Did you really enjoy the Easter Egg in KSP1 ? I really found them ultra lazy, random assets being drop down with barely no adequation to the environment, no lore, etc.

Regarding the "POI" shown in KSP2, so far, it's the very same, it's cruelly lacking proper design and integration with the environment, the textures, the lightning, the whole aesthetic design seem completely off with the rest of KSP. Even the last one shown is really not convincing by any mean to my eyes.

Yeah, best word is "laziness" when it comes to these POI... And it actually kinda prevent the dev to build actual scenery everywhere rather than very localize and weird thingies.

We can expect some integration to the Exploration mode though, some lore, some story line... Otherwise, damn, I would not get it, and I'll allow myself to strongly doubt, based on the past.

On a high level, you’re right about the KSP Easter eggs.  Too random and in-jokey, no connection, and overall poorly thought out.  A missed opportunity - to either do something awesome or fail miserably and develop lore/story that reduced the game to cold designed by committee writing room gruel.

Thing is, they were still fun.  One save I did revolves around building a base at Vallhenge.  That was a lot of hours of fun, and all it took was some geometric objects.

We don’t know much about the discoverables system yet.  I’m excited, though.  Even if they’re just flag-planting spots with pretty views, they’ll still be fun and make for some nice screenshots.

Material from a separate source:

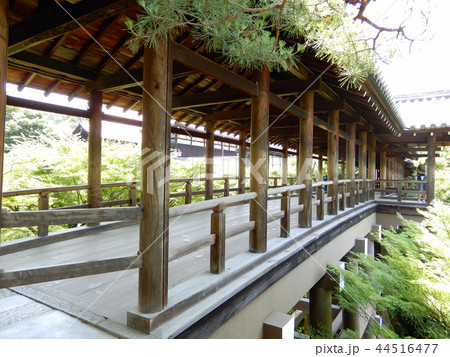 東福寺　初夏の通天橋の緑 44516477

I am worried about the possibility of lame lore, though.  My biggest aesthetic gripe about the game is the fact that most of the Kerbals look like Arts students from a third rate university that were recruited from barista gigs - there’s none of the Cold War/Space Race buzz cut The Right Stuff vibe that made the first game resonate with history so well.   Once we get Kerbal management I am only hiring Kerbs with the right aesthetic stuff…  and if IG hires the wrong writers with no sense of history who haven’t read The Expanse or seen For All Mankind, their lore could make noodle rockets look like a good time.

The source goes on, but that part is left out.